### What is being asked
In the material below, find the line with "Pack of 2 Casual" and the line with "Журнальный столик Adularia". Output exactly those two lines and all lines between them, leaving out pictures.

### Data records
>>>>>

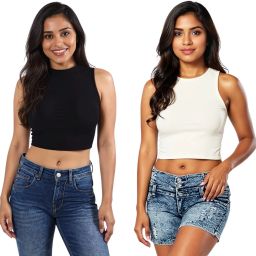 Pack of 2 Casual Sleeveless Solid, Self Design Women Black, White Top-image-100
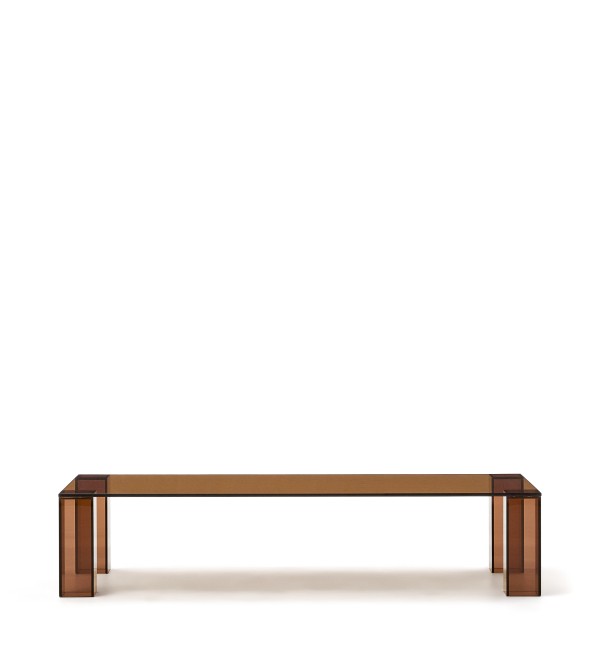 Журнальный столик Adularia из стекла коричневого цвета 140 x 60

<<<<<
>>>>>

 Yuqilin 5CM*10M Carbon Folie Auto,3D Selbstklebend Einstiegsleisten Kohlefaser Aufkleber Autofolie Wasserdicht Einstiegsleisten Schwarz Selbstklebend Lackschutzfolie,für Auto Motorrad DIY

<<<<<

### Exercise output
 Pack of 2 Casual Sleeveless Solid, Self Design Women Black, White Top-image-100
 Журнальный столик Adularia из стекла коричневого цвета 140 x 60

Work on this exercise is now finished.